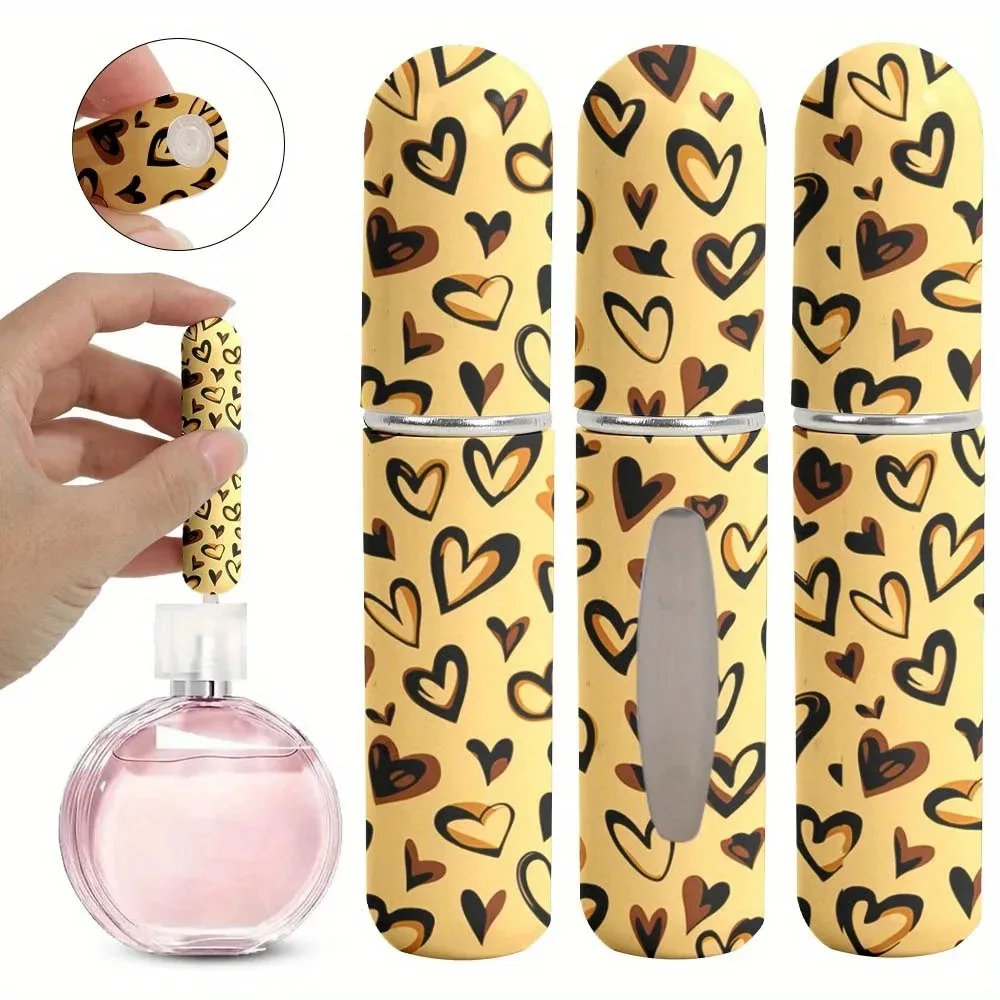 Light 5ml Refillable Spray Bottle Mini Leopard Pattern Perfume Spray Bottle Daily Use Perfume Atomizer Travel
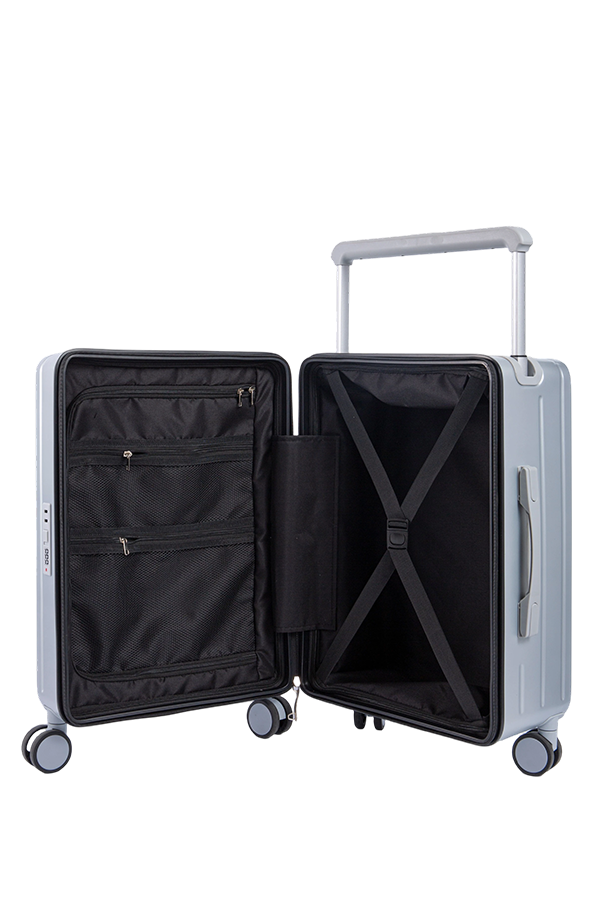 Heavy-Duty Enhanced Stability Wide Handle Aluminum Frame Travel Suitcase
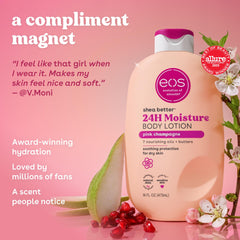 eos lotion texture close-up revealing fast-absorbing feel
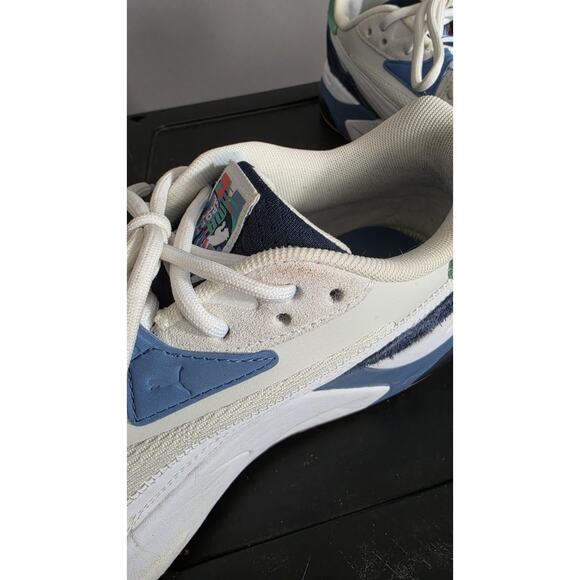 PUMA Mirage Sport White Blue Green Colorblock 397817-02 Men's Athletic Sneakers - Picture 4 of 12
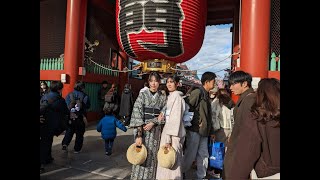 浅草 浅草寺に初詣に行ってきましたよ。Asakusa tokyo 202417 [upl. by Russia]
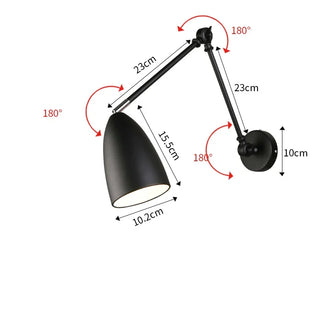 Celako™ Archea Wall Light | Iron Bedside Lighting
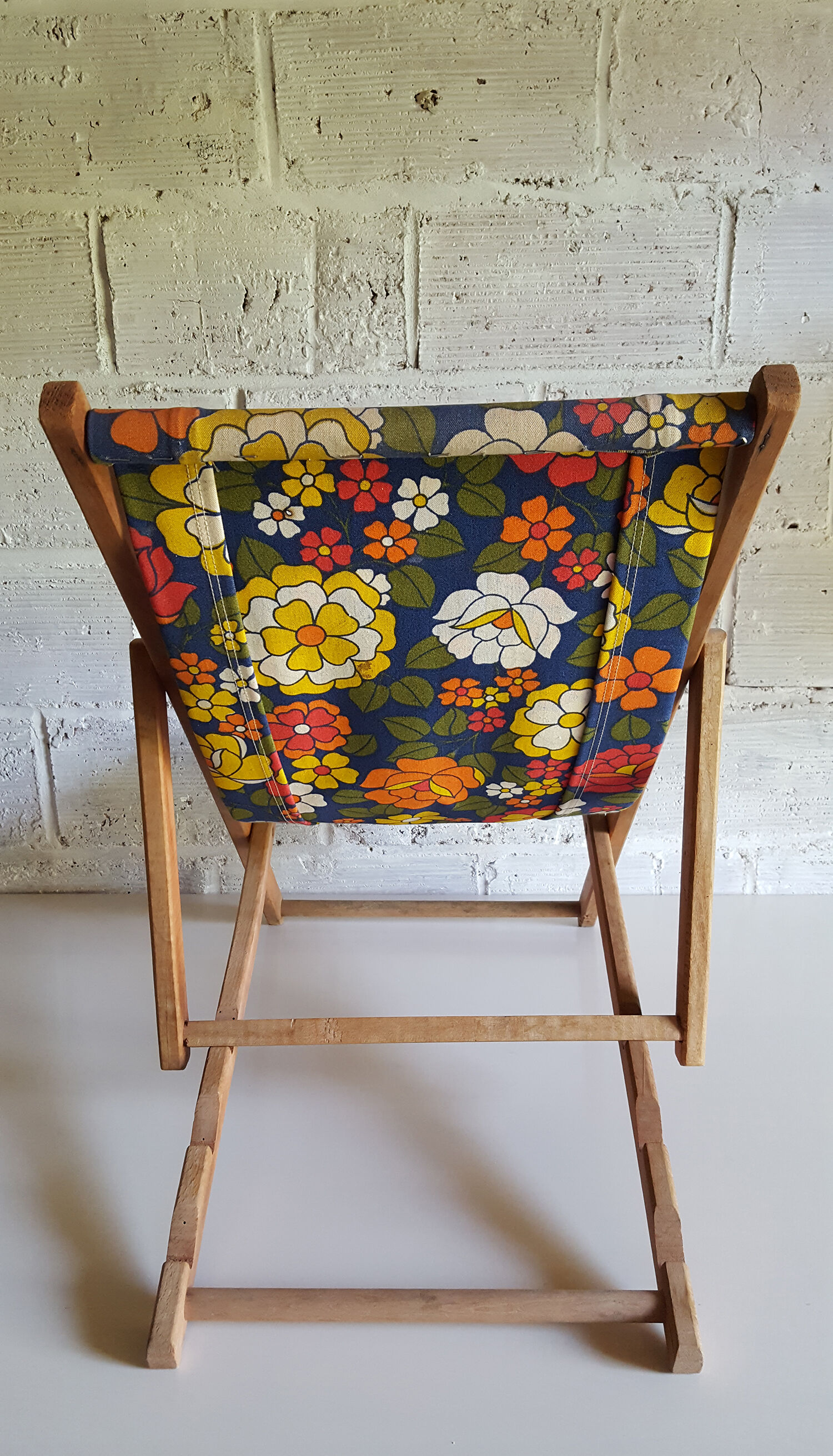 Chaise longue enfant vintage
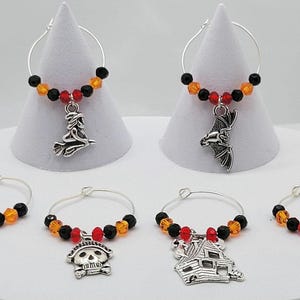 Halloween/Thanksgiving Wine Glass Charms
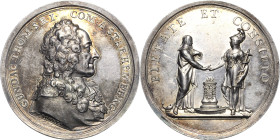 Habsburg
Maria Theresia 1740-1780 Silbermedaille o.J. (1745) (M. Donner) Tod des kaiserlichen Finanzministers Graf Starhemberg. Brustbild nach rechts...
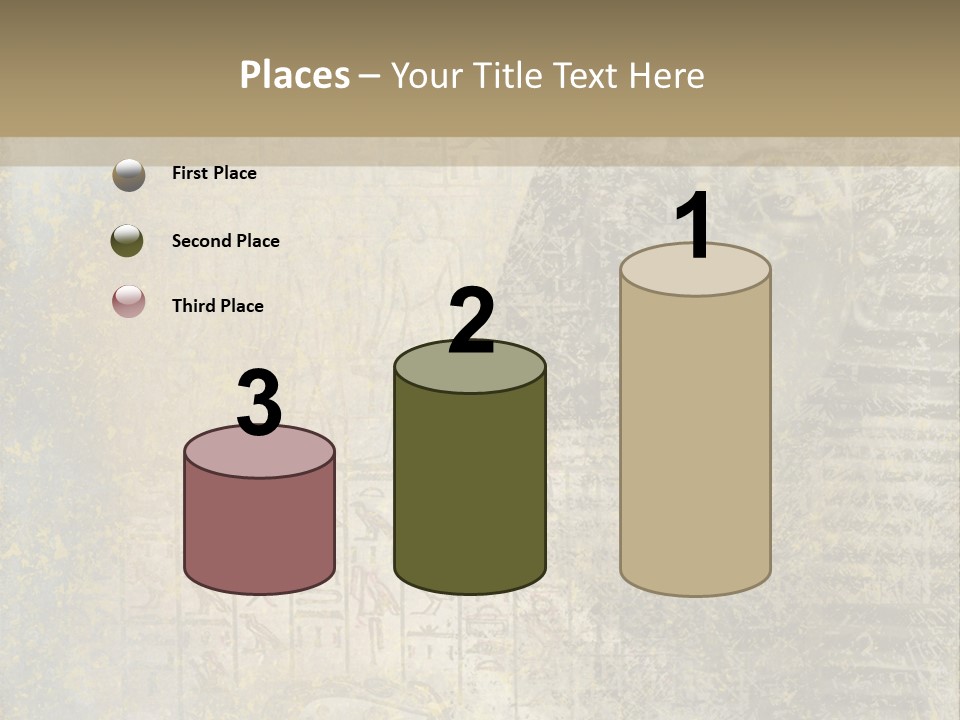 Ancient Egypt Wall Sign PowerPoint Template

* [TASK STATEMENT]: Keep each line of the records exactly as it is while transcribing them, but leave the images behind.

* [WORKED SOLUTION]:
 Light 5ml Refillable Spray Bottle Mini Leopard Pattern Perfume Spray Bottle Daily Use Perfume Atomizer Travel
 Heavy-Duty Enhanced Stability Wide Handle Aluminum Frame Travel Suitcase
 eos lotion texture close-up revealing fast-absorbing feel
 PUMA Mirage Sport White Blue Green Colorblock 397817-02 Men's Athletic Sneakers - Picture 4 of 12
 浅草 浅草寺に初詣に行ってきましたよ。Asakusa tokyo 202417 [upl. by Russia]
 Celako™ Archea Wall Light | Iron Bedside Lighting
 Chaise longue enfant vintage
 Halloween/Thanksgiving Wine Glass Charms
 Habsburg
Maria Theresia 1740-1780 Silbermedaille o.J. (1745) (M. Donner) Tod des kaiserlichen Finanzministers Graf Starhemberg. Brustbild nach rechts...
 Ancient Egypt Wall Sign PowerPoint Template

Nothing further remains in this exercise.